# Miter-saw stand



## 2creeks (Aug 16, 2008)

I have a Ridgid 12" sliding miter saw and a was looking at the Ryobi stand but the manufactures website says this stand is not for sliding miter saws. Has any one put a 12" sliding saw on this stand and what other stands can handle a saw this big?


----------



## Quiglag (Mar 21, 2008)

I think I have seen people use sliders with that stand on the job, you just need to make sure its weight is centered. 
I have the Bosch T3B and love it. I have used it with the Ridgid slider, and DeWalt slider. I got it on sale for $160. The same store had it on sale again for $99 during a Bosch Xtream Impact Event.


----------



## 2creeks (Aug 16, 2008)

*Thanks for the reply*

I am looking at both the Ryobi and the Trojan system. The Fine Home building web site has a video on these stands and the liked all of them but favored the trojan system. I think tomarrow I will try and take a look at both of these stands. The Bosch stand looks good but I am trying to keep the cost under or close to $100.00 if possible.


----------



## Quiglag (Mar 21, 2008)

There is a guy on the job I am on, using the Ryobi stand for his Milwaukee 12" slider. The Milwaukee is not a small saw, so it looks like you will be able to use it. :thumbsup:


----------



## TheMiterCut (Sep 2, 2008)

You can probably build your own stand pretty easily that will be just the right size and strength for it out of wood or steel. You can even use your miter saw to make all the cuts for it :thumbup:


----------



## aggreX (Aug 15, 2008)

2creeks said:


> I have a Ridgid 12" sliding miter saw and a was looking at the Ryobi stand but the manufactures website says this stand is not for sliding miter saws. Has any one put a 12" sliding saw on this stand and what other stands can handle a saw this big?
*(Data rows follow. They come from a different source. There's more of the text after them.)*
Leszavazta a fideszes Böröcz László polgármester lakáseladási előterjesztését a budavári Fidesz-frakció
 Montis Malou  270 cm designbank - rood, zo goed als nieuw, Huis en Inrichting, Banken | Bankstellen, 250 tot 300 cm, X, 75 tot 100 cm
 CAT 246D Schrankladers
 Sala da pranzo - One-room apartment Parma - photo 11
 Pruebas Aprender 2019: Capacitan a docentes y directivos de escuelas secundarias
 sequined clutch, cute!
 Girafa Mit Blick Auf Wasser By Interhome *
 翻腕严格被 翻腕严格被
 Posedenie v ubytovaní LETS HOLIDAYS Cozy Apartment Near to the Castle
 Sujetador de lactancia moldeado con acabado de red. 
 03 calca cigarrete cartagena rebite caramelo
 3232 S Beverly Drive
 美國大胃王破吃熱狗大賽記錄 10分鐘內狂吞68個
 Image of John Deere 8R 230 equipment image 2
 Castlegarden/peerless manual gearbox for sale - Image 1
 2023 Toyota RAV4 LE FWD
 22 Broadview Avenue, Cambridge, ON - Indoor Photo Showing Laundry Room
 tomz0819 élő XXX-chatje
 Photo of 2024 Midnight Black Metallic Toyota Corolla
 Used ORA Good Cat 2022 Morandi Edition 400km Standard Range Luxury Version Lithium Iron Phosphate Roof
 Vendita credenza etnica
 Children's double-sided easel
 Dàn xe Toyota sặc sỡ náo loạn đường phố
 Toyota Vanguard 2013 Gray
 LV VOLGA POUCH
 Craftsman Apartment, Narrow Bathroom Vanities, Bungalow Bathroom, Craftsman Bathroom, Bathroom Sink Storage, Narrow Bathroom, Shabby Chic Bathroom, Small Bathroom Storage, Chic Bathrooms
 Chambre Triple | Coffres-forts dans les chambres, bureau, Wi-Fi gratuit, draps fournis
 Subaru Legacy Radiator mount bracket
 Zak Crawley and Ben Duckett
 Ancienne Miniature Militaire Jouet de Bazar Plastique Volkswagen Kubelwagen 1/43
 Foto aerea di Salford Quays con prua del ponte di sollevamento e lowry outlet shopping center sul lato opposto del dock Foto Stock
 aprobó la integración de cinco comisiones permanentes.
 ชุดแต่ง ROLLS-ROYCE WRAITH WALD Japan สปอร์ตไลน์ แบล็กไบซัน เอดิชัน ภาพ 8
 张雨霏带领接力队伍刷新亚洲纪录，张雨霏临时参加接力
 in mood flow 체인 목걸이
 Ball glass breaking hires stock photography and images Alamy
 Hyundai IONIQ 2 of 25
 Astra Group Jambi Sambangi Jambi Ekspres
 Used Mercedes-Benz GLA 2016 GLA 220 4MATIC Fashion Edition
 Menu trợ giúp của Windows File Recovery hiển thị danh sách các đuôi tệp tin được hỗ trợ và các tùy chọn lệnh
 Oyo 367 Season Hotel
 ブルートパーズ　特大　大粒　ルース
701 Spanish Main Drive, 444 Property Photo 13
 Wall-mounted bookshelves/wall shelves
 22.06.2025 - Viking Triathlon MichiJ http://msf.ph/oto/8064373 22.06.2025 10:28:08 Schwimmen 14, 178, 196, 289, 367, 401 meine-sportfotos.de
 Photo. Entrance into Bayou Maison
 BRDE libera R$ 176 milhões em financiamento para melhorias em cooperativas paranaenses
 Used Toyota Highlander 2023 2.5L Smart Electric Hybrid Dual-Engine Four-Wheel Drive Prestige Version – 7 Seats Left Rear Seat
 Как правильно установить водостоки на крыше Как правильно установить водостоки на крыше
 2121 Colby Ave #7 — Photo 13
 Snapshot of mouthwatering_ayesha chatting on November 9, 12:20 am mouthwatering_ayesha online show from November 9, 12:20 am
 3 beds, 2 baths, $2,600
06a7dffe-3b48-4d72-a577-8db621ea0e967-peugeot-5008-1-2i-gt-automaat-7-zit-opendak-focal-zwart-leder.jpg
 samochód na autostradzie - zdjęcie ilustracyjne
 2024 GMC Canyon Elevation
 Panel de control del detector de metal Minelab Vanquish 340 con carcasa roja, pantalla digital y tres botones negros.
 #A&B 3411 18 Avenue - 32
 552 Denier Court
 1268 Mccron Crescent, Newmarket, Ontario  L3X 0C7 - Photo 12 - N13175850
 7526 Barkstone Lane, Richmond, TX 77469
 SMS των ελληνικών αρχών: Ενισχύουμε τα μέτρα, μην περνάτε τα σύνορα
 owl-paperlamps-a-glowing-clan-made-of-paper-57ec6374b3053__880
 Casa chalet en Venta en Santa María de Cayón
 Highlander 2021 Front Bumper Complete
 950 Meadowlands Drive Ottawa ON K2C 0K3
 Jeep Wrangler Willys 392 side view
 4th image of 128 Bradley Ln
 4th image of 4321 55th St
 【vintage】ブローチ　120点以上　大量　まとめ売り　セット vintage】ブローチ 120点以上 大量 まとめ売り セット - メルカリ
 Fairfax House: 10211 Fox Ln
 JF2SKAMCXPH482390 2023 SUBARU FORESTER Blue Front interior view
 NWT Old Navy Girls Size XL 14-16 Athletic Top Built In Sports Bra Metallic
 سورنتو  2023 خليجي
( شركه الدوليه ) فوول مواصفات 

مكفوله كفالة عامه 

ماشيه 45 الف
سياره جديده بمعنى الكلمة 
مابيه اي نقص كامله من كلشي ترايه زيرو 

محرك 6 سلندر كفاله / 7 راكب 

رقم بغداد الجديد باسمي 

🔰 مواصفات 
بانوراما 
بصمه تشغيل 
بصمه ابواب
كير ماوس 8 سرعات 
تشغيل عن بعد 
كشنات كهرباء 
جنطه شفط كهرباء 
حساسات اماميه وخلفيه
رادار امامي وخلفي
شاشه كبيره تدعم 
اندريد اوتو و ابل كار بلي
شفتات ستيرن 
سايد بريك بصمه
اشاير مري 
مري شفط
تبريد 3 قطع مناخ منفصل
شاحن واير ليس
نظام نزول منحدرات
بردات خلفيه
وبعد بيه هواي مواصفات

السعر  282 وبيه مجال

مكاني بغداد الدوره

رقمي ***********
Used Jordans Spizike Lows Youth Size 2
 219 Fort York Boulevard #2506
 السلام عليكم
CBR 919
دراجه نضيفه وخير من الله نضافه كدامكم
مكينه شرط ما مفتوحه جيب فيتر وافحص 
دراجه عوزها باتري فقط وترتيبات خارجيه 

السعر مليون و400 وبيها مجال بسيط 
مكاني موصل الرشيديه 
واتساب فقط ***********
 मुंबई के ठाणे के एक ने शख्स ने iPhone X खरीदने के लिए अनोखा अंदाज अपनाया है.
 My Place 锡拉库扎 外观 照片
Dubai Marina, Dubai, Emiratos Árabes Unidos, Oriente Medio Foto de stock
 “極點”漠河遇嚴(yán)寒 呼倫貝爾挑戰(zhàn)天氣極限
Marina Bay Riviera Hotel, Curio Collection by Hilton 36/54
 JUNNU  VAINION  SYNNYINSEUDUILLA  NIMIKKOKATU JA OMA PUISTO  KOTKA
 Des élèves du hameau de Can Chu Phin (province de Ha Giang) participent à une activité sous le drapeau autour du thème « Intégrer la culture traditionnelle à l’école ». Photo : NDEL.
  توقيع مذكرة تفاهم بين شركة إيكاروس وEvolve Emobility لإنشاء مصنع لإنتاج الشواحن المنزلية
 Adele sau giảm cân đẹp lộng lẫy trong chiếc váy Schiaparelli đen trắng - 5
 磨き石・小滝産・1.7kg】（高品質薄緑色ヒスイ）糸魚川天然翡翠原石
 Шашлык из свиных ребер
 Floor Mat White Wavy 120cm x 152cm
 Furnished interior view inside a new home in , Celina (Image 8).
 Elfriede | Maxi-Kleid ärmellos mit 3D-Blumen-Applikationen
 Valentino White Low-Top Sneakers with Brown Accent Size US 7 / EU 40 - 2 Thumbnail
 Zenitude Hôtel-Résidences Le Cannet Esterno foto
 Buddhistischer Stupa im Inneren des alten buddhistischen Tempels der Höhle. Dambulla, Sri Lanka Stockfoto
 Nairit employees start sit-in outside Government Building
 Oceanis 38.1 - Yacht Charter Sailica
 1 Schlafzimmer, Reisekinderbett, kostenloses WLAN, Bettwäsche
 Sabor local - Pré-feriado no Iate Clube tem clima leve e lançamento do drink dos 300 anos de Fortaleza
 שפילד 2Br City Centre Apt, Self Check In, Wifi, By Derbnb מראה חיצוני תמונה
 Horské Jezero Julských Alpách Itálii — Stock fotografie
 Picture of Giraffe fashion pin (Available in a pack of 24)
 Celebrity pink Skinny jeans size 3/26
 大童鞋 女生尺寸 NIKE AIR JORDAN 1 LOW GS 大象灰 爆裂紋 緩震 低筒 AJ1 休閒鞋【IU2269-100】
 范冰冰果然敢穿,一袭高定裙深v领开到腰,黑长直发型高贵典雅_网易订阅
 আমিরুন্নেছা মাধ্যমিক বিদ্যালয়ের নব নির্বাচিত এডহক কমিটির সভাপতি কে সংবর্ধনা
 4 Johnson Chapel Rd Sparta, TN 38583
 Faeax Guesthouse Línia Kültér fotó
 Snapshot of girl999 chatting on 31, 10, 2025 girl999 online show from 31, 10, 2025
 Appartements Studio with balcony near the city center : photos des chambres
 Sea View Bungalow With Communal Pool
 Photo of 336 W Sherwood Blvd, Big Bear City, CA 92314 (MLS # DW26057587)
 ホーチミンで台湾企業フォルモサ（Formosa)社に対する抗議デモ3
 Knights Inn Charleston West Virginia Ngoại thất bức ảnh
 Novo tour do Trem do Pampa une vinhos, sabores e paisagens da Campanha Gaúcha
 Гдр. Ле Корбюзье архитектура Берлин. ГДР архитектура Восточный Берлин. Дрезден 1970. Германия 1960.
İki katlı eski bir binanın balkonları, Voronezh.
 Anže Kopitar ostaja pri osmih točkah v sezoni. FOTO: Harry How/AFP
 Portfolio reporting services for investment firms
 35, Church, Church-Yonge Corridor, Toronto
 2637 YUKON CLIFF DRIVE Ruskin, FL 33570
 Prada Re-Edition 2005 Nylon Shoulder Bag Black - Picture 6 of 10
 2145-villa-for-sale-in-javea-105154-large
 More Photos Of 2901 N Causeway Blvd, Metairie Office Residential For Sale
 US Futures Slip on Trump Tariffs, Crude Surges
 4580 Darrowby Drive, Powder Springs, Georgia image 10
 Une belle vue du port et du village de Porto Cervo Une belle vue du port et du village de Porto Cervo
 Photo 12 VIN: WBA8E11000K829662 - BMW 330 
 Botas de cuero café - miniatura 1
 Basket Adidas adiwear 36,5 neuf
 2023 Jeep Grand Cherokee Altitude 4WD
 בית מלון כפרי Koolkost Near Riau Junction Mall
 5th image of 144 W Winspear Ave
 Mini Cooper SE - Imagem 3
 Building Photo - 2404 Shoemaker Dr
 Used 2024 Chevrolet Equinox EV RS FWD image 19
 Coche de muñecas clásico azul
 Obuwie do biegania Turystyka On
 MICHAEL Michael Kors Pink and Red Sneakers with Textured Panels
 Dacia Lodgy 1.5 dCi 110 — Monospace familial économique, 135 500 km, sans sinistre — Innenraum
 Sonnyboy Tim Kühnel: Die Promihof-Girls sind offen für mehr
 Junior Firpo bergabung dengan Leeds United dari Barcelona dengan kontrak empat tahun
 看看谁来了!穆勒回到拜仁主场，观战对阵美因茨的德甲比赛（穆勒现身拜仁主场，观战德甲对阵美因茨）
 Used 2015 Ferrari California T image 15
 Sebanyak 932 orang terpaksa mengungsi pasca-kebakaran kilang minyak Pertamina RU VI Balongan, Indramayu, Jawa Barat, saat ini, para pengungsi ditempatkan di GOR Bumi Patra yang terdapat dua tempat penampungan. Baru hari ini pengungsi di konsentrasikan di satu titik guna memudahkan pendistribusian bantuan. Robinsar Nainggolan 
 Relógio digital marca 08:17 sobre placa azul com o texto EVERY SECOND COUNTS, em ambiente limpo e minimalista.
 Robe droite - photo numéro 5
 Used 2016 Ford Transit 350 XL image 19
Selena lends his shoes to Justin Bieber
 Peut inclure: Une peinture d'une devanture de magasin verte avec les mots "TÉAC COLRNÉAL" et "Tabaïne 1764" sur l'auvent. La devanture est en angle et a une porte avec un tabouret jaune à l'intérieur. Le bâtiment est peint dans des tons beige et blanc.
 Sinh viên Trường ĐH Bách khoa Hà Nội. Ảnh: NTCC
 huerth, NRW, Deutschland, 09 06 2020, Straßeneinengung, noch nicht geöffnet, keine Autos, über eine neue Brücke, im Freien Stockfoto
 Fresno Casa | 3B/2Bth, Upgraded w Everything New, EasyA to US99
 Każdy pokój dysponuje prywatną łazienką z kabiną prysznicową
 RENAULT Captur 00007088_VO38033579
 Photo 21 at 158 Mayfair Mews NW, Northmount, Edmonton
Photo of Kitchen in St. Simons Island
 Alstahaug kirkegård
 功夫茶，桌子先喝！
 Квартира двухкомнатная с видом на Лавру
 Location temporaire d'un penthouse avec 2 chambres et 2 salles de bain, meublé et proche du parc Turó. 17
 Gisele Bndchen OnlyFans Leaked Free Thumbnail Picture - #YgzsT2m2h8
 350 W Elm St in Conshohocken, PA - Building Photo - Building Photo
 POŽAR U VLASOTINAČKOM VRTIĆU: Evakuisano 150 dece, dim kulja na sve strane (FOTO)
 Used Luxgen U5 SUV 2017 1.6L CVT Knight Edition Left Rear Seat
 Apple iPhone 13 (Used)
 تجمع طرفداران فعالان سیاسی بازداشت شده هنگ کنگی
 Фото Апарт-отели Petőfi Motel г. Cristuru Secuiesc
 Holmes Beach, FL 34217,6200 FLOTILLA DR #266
Most sliding miter saws are very heavy and I would recommend looking at the Ridgid AC9944 or Delta miter 36-136 saw stands that are more stable and heavy duty. The sliding action plus heavy lumber may create stability problems with the Ryobi. The advantage of the Ryobi is lighter weight but the wheels on the Ridgid/Delta help move the sliding miter saw over various terrain. These stands are heavier but they fold up to save space if needed. My Makita slider is currently on a Bosch TS2000 tablesaw stand and it has been extremely stable and mobile. Hope this helps
Ridgid $179
Delta $169
Bosch $149 (amazon)


----------